While the mayor is correct in saying there is “national polarization,” three key questions must be asked in this context: Who is creating this polarization and what form does it take? Will the use of Arabic in the public space increase polarization or reduce it? And to whom does the public space belong?
With regard to the first question, everyone knows that the phenomena of racism and exclusion aimed at Israel’s Arab population are on the rise. This takes various forms, including Knesset legislation and statements by politicians and public figures that incite against Arabs. But lately we have witnessed an escalation in this trend, marked by rising violence and racist outbursts against the Arab public, its symbols and soccer players, increasing amounts of anti-Arab slogans on walls and public signs, and the blotting out of Arabic words on these signs.
It should be the responsibility of the mayor and other politicians to combat these tendencies, not to encourage them. Anybody who is well versed in the fundamentals of democratic rule and presumes to have moral values must acknowledge the rights of the Arab population, internalize the fact that there is a right to differences and diversity, and be sensitive to other narratives.
I am sad to say that the Tel Aviv-Jaffa Municipality’s decision reflects and represents the mind-set of that part of Jewish society in Israel that works to exclude Arab citizens − and their language, culture, tradition and identity − from the public space. All this while imposing on them symbols that they do not feel represent them, and trying to “reengineer” the Arab population culturally and nationally to suit the values of the Jewish majority.
Certainly the reality in which the Arab populace in Israel lives is complex and this demands that both sides consider their moves wisely and carefully to avoid violence. But there is a lack of symmetry between the majority and the minority when it comes to sorting out the relations between them: The main responsibility for this belongs to the government and the decision makers in the Jewish public, among them Mayor Huldai, who must protect the Arab minority and free the public space from the dominance and hegemony of a single national group. Each of the two main population groups is entitled to preserve its uniqueness, in its own space, but the general public space should reflect the diversity of national groups.

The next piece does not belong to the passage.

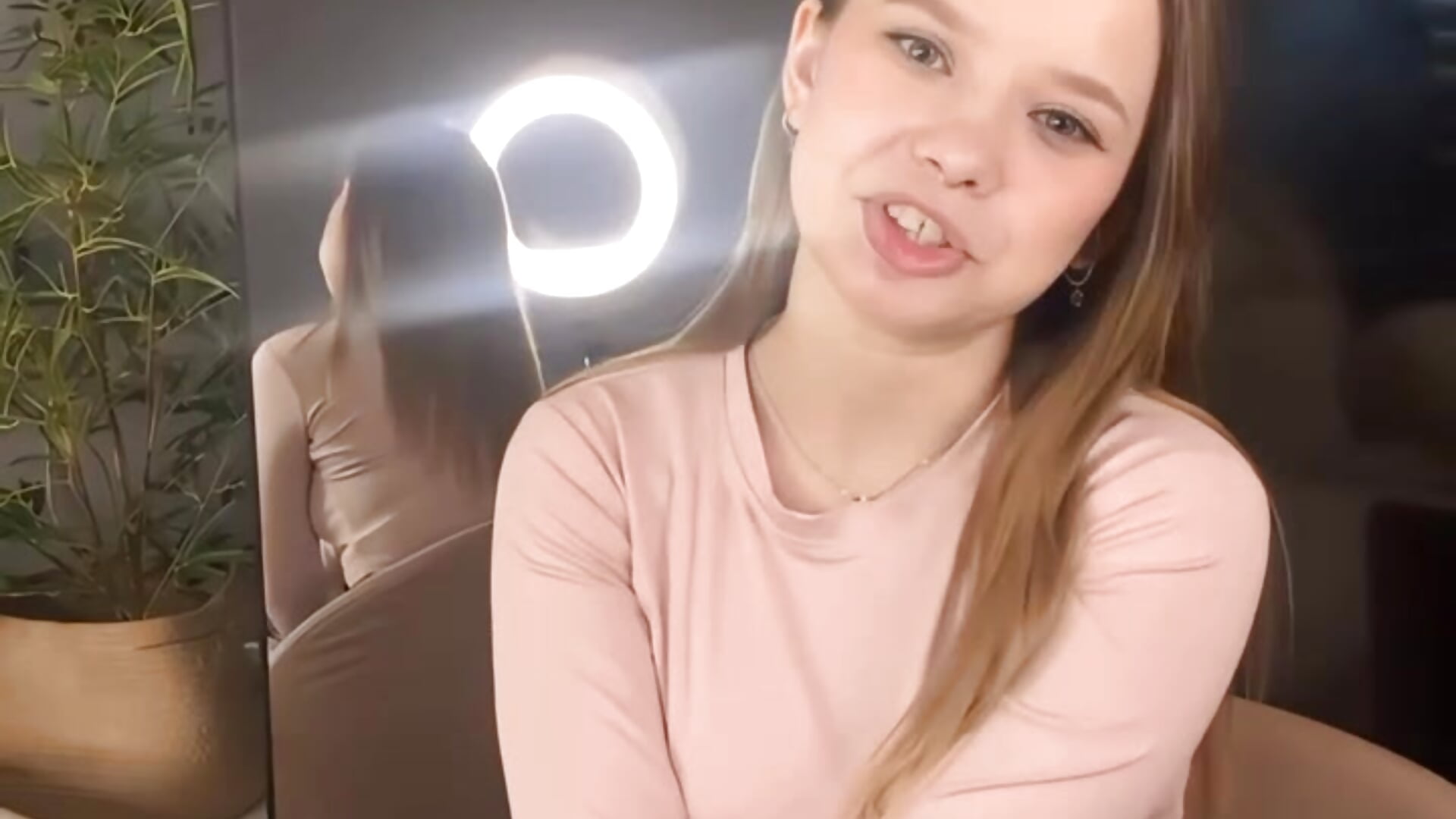 🔥 - วิดีโอโดย BambiBaby_ โมเดลแคม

Regarding the second question − will using Arabic increase or decrease national polarization − the mayor and whoever voted against the motion are greatly mistaken. Using Arabic will give Arab citizens a good feeling because language is identity, and using that language will make it possible for them to bring their culture into the public space. The Jewish public too may learn new things as a result, get to know another culture, open up to new horizons and with this new awareness begin to be liberated from its fears.
As for the third question, regarding to whom the public space belongs, it is clear that the Arab and Jewish citizens of Israel do not have a lot of things in common: They have different languages, cultures, histories, leaders, national identities, religious affiliations and so forth. Add to this the fact that historically, all of the country’s governments have discriminated against the Arab citizens systematically and deliberately.
If we are to correct these injustices and ensure the fulfillment of the principles of justice, equality and freedom, the government and the Jewish public must work toward forging an egalitarian and unconditional citizenship, which will create a shared public space and the just and fair division of material resources and symbols.
A truly shared public space requires joint ownership of the state by its citizens, and this can be achieved in part by giving official Arab names to streets, squares and towns (especially since, in any case, a large share of them have historic Arab names). Such a shared public space can also be created in hospitals, on public transportation, at universities, museums and elsewhere.
The prime minister and municipal leaders, and first and foremost the mayor of Tel Aviv-Jaffa, must work toward the establishment of a shared public space − for the sake of the future of all of us in this country. In any case we, citizens and civil society organizations, have a duty to act without delay to achieve a shared public space because the public space belongs to all of us.
Ali Haider is co-executive director of Sikkuy: The Association for the Advancement of Civic Equality in Israel.